Armenia: there are some banks you can try but the trend in the country is towards not allowing non-resident foreigners as easily anymore. SMS is still popular for 2FA with many banks and they only send to local phone numbers.
Belarus: sanctions making banking a big pain if you transact to/from western nations. Bank accounts can be opened by non-residents but almost never remotely.
Cambodia: can be opened in person relatively easily, but almost never remotely.
Dominican Republic: possible to open as non-resident, but banks rarely do it for non-residents.
Guatemala: same as Dominican Republic, but more difficult.
Mongolia: IIRC, there are a few banks there where you can open personal saving accounts in MNT for long-term deposits. Otherwise, not much going on there.

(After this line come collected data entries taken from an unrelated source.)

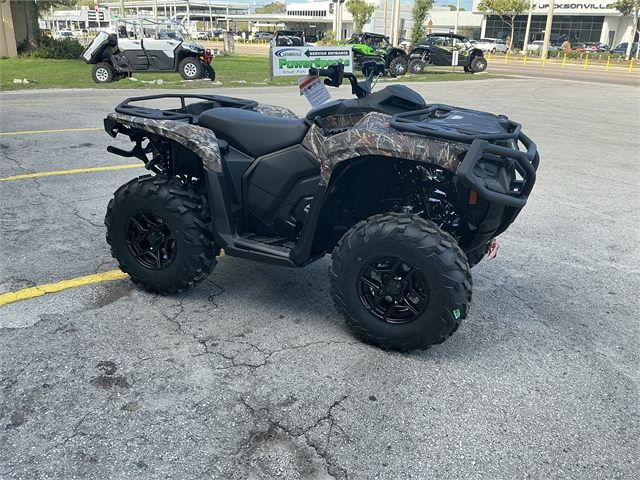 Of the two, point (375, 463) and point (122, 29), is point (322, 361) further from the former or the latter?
point (122, 29)

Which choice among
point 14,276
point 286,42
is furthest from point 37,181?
point 286,42

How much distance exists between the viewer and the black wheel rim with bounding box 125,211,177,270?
12.4ft

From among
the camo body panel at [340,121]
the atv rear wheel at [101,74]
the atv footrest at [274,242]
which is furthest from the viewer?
the atv rear wheel at [101,74]

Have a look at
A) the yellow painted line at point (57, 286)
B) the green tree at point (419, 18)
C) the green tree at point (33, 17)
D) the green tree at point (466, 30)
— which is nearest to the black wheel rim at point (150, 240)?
the yellow painted line at point (57, 286)

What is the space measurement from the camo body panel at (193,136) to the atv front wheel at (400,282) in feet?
3.24

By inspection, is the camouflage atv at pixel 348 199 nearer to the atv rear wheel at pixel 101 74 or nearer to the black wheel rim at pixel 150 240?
the black wheel rim at pixel 150 240

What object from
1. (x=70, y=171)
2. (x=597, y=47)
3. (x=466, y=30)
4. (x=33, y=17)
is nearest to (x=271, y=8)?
(x=466, y=30)

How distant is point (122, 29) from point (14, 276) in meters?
17.7

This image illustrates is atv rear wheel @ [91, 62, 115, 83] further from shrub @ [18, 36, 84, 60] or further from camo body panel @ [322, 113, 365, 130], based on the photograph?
camo body panel @ [322, 113, 365, 130]

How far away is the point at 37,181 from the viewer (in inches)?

North Macedonia: Silk Road Bank
and Halkbank sometimes open accounts for non-residents. Not sure about remote.
Papua New Guinea: no.
Paraguay: very rare for non-residents.
In many cases, forming a local company with 1-2 local directors will be enough to increase your chances of opening a corporate and a personal account. Some of the countries above are quite attractive for business due to tax or cost of labor.
Honestly, just get your affairs in order and stop chasing non-CRS
banks. Most of these countries are going to be engaged in CRS in the next few years anyway. There is no long-term stability in secrecy.
If you don't want to pay tax, move to a place that doesn't have any tax.